Freeway Opposition
The Interstate Highway System, the largest public works project in American history, surprised residents of numerous inner-city neighborhoods with rapid and unprecedented changes it brought to the metropolitan landscape. Eminent domain empowered State Highway officials across the country to take control of and demolish residential properties for highway right-of-ways without requirements to provide replacement housing. Residents of inner-city neighborhoods with lower property valuations learned firsthand that state and local officials maximized federal funds by placing depressed multilane freeways, loops, and spurs through their neighborhoods to connect central business districts to the broader metropolitan community. Nationwide, the U.S. House Committee on Public Works reported in the late 1960s that "federal highway construction was demolishing over 62,000 housing units annually—affecting possibly as many as 200,000 people each year (Mohl, 680). Interstate displacement thus was a major part of life in America's urban neighborhoods.
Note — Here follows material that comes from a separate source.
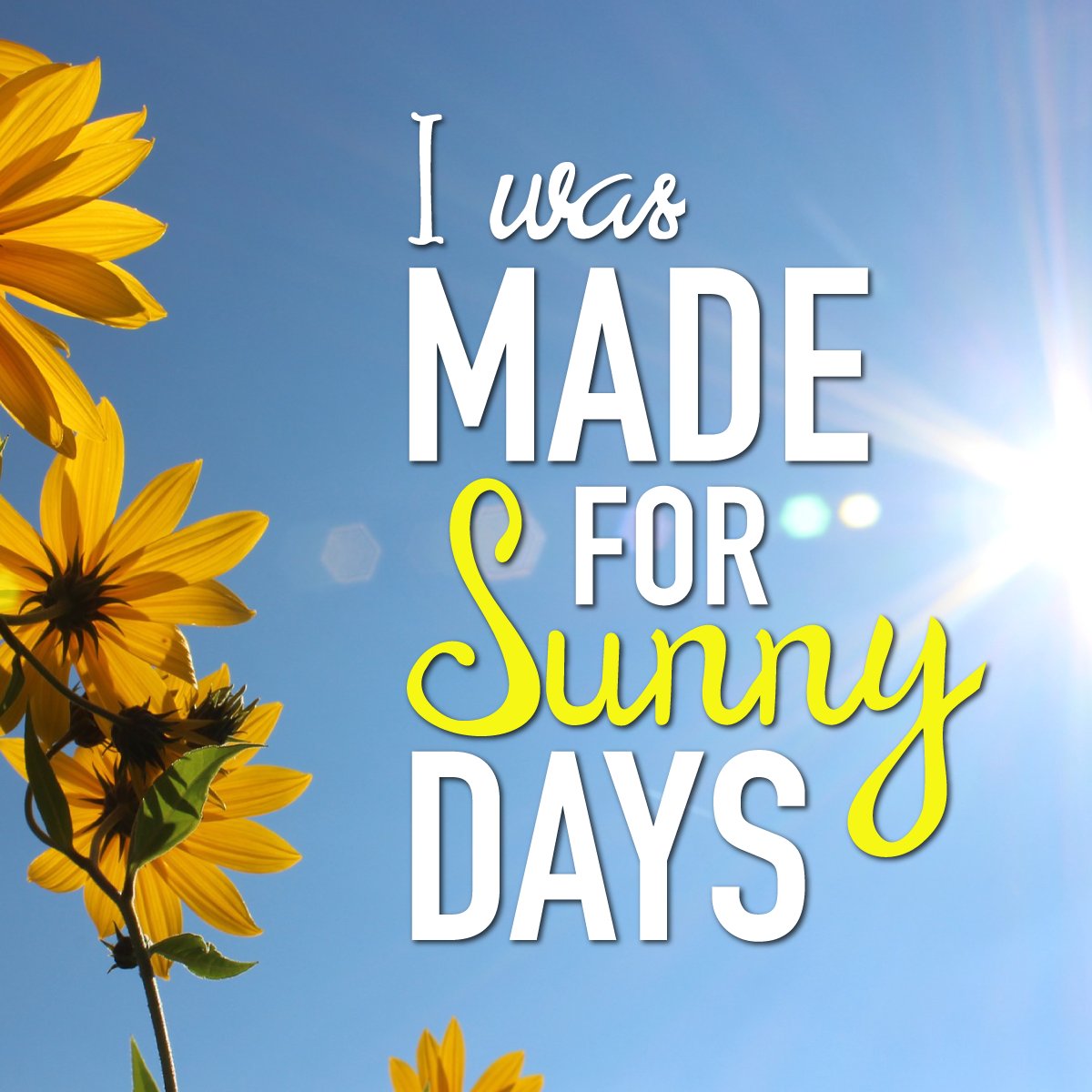 ShopComfortMe's tweet photo. Sunny days are the best days! Stop in today to see our new arrivals! #SpringTime #shoplocal #hydeparkchicago #spr... https://t.co/S0N8gsY8TQ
Affected individuals and families, homeowners and renters, coped with uprooting their lives and finding replacement housing. Facing economic burdens unexpected in prior years, many families took on new debt or witnessed their savings disappear in order finance a move. Other homeowners contested the state’s property evaluations. Nearby homeowners not displaced often discovered that freeways cutting through their neighborhoods reconfigured the character of their community, disrupting established families and neighborhood institutions. The freeways' disruption proposed a threat to homeownership and thus jeopardized access to or retention of middle-class financial stability for many American families.
Experiences and perspectives on the construction and relocation process, however, were not monolithic. While some renters and homeowners opposed freeways, others remained indifferent or used the opportunity to move into new housing within or along their city’s outskirts. Citizens living in and near neighborhoods in freeway paths maintained a wide array of motives and perspectives that led them to challenge, support, or remain indifferent to freeways. Moreover, those citizens who opposed urban freeway construction often approached the subject from divergent angles. Freeway opposition cut differently across lines of class, race, ethnicity, and location, demonstrating varying insights into how people contested the use of urban space in the postwar era.